You say "I believe any state is always normalized, so that $|\alpha|^2 + |\beta|^2 = 1$", but you don't apply this to your calculation. The summation of squares of the absolute values is what gets the appropriate answer. For a single qubit system, $|\psi\rangle = \alpha|0\rangle + \beta|1\rangle$ and $|\alpha|^2 + |\beta|^2 = 1$. For a multiqubit system (3 in your case), $|\psi\rangle = \alpha_{000}|000\rangle + \alpha_{001}|001\rangle ... + \alpha_{111}|111\rangle$ and $|\alpha_{000}|^2 + |\alpha_{001}|^2 + ... + |\alpha_{111}|^2 = 1$. The following will give you what you want.

import cirq
import sympy
import numpy as np
import math

# qubits
q = cirq.GridQubit.rect(1, 3)
q_pi = np.pi/4 # quarter_py
# Create a circuit on these qubits using the parameters you created above.
circuit = cirq.Circuit(
  cirq.rx(0.1).on(q[0]), cirq.rx(0.1).on(q[1]), cirq.rx(0.1).on(q[2]), 
  cirq.ry(q_pi).on(q[0]), cirq.ry(q_pi).on(q[1]), cirq.ry(q_pi).on(q[2]),
  cirq.rz(q_pi).on(q[0]), cirq.rz(q_pi).on(q[1]), cirq.rz(q_pi).on(q[2]))

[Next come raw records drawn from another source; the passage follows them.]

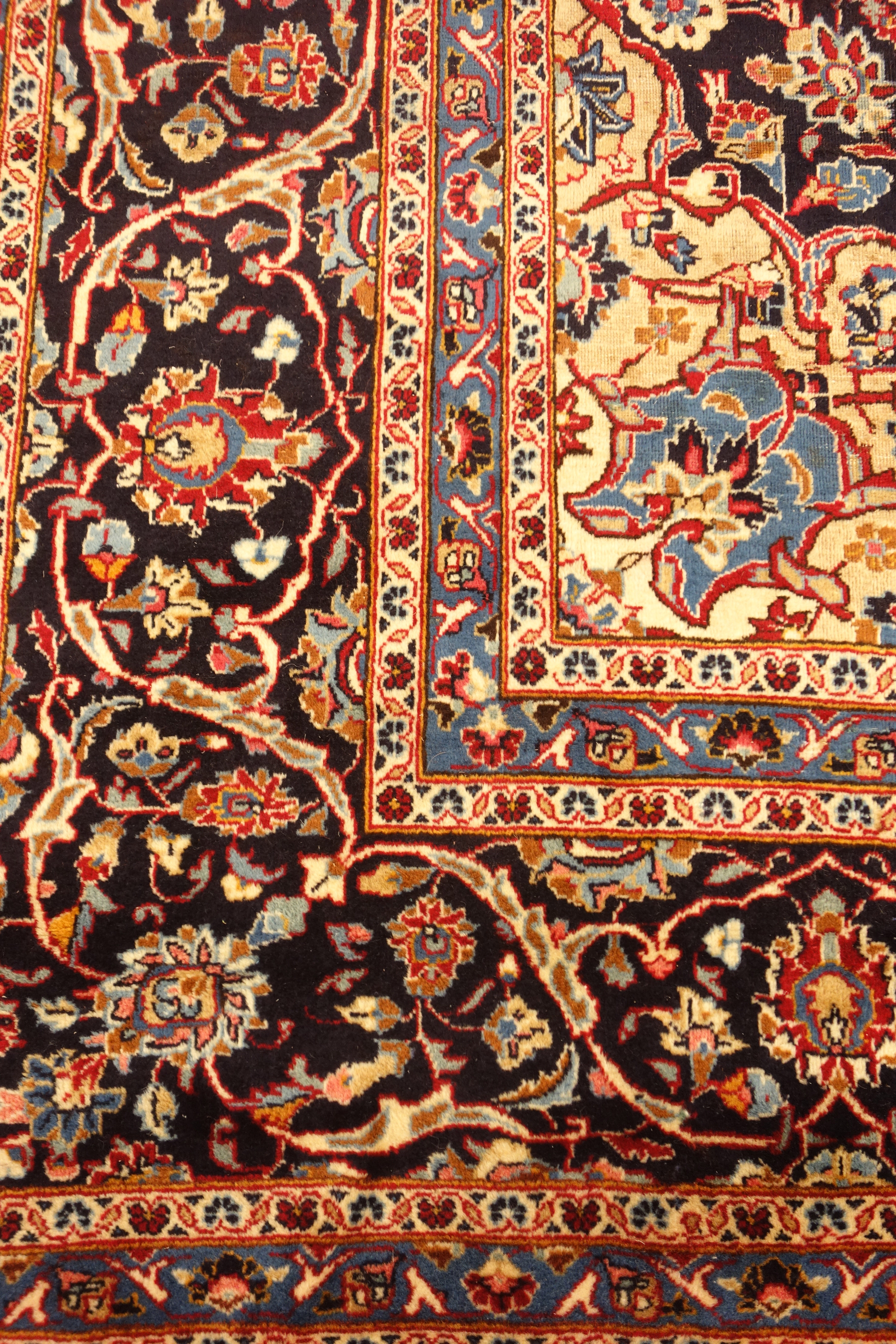Persian Meshed red ground rug carpet, pointed medallion with rosette, - Image 3 of 4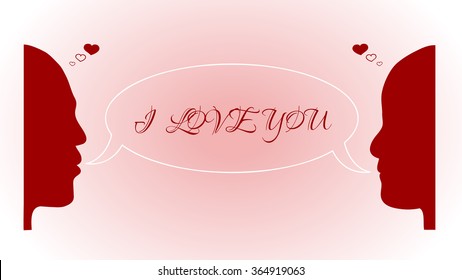 Red valentine's day card, red silhouette of woman's and man's face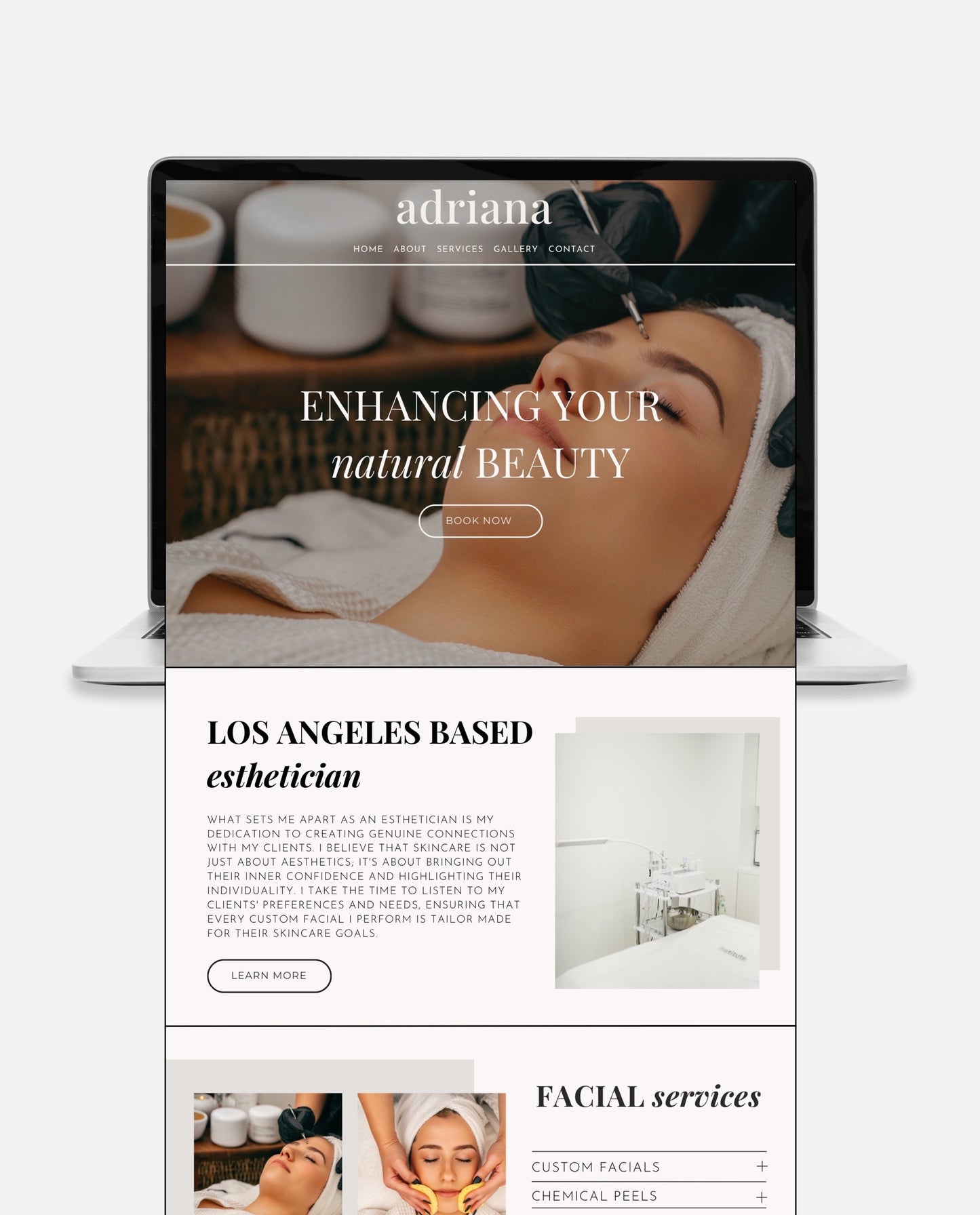 ADRIANA | CLEAN & MINIMAL WEBSITE TEMPLATE FOR ESTHETICIANS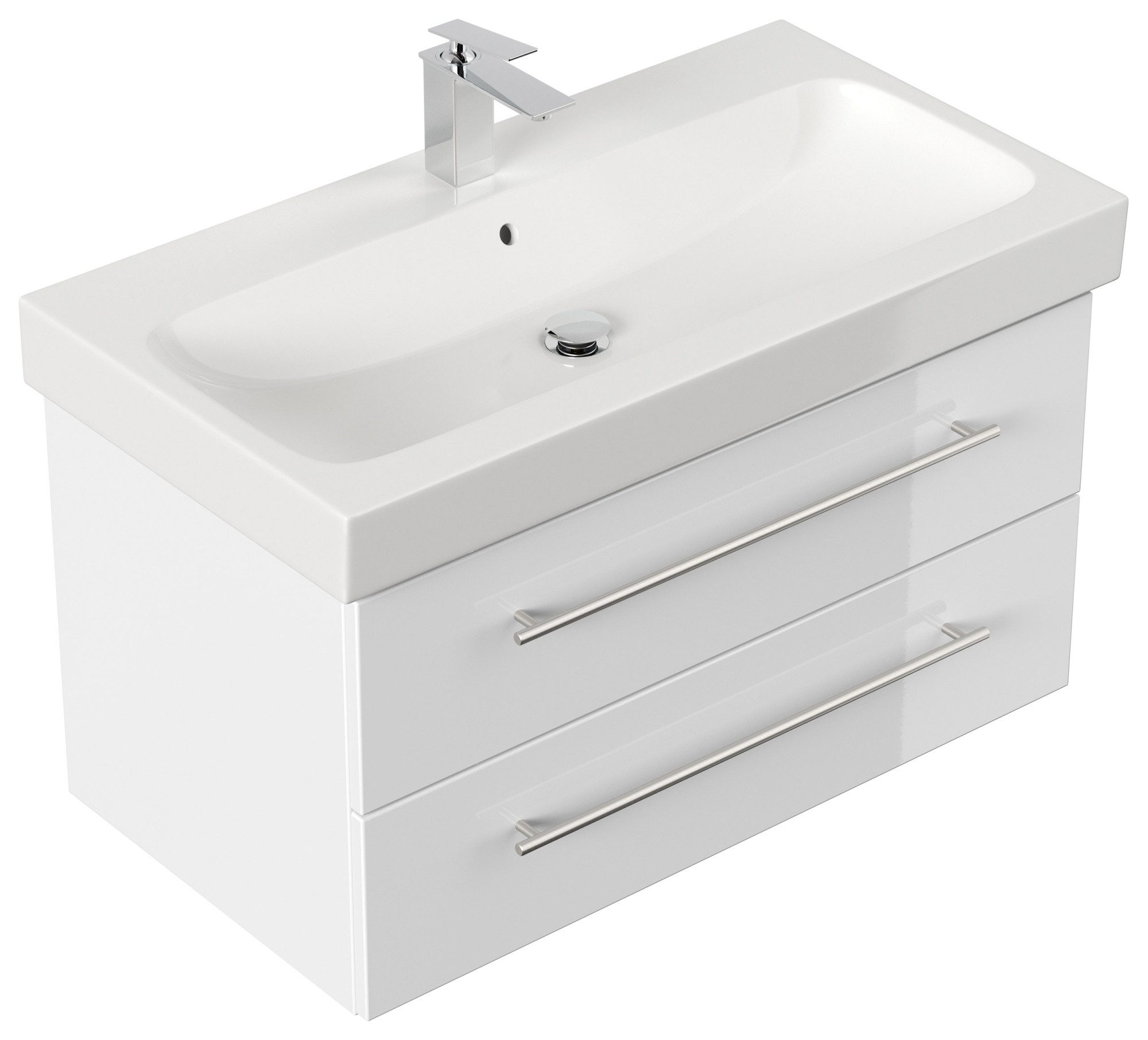 Magnolia Home Waschtisch Badmöbel mit Geberit Icon Waschbecken 90 cm SoftClose weiss hochglanz
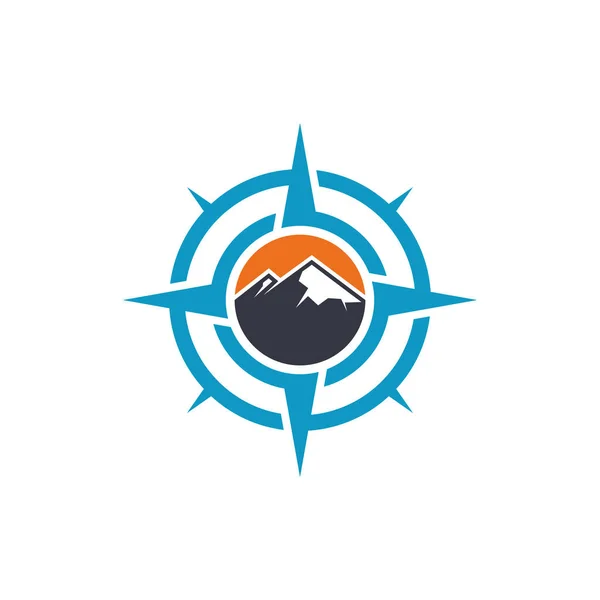 Climber Compass Logo Design Vector Template Outdoor Activity Logo Symbol — Stock Vector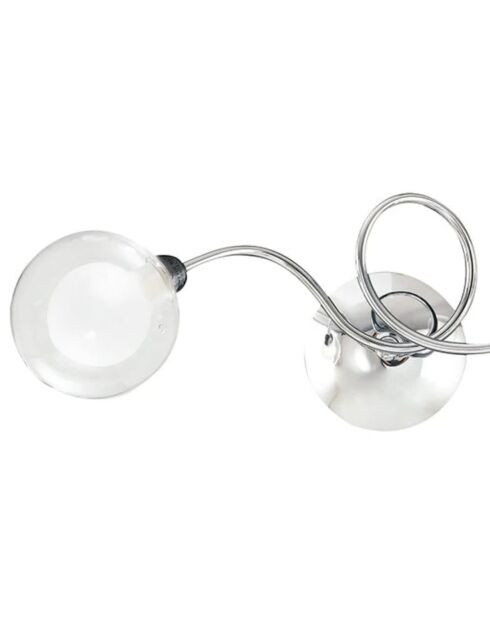 Plafonnier Roccella en métal chromé avec deux diffuseurs en verre chrome - 42 x 10 x 15 cm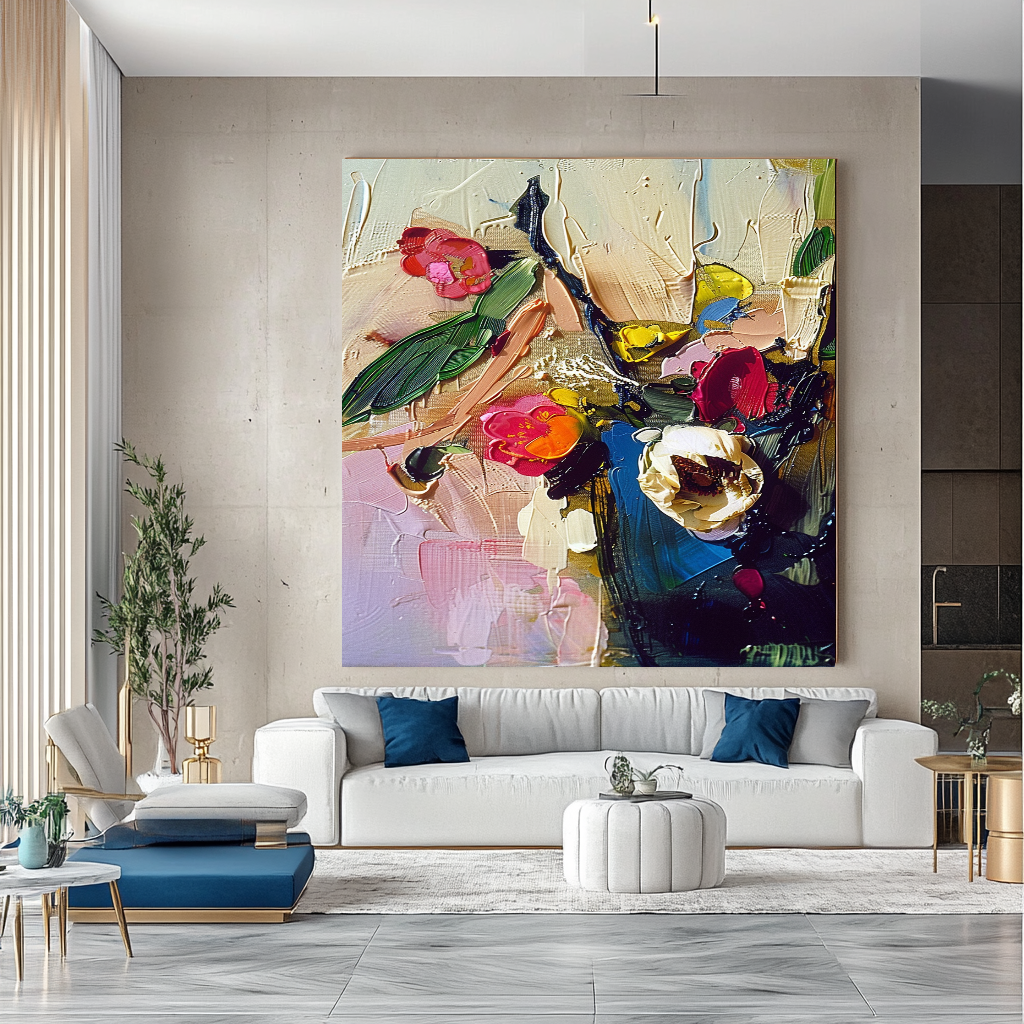 EXTRA LARGE Peinture à l’huile d’empâtement sur toile / Pas de cadre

simulator = cirq.Simulator()
results = simulator.simulate(program=circuit, qubit_order=q).final_state
results_abs = map(abs, results)
print(np.sum([math.pow(x,2) for x in results_abs])) # prints 0.9999995465139359 which is ~=1

Answer 2

The answer from Victory Omole is correct. Some additional background on my mistake: I did not take the square of the absolute value of the complex numbers, but I took the square of the real component of the complex numbers. My error is explained well here. The real component of a complex number $a + bi$ is $a$. The absolute value of a complex number $a + bi$ is $\sqrt(a^2 + b^2)$. As pointed out, this is the difference between x.real and abs(x) in python.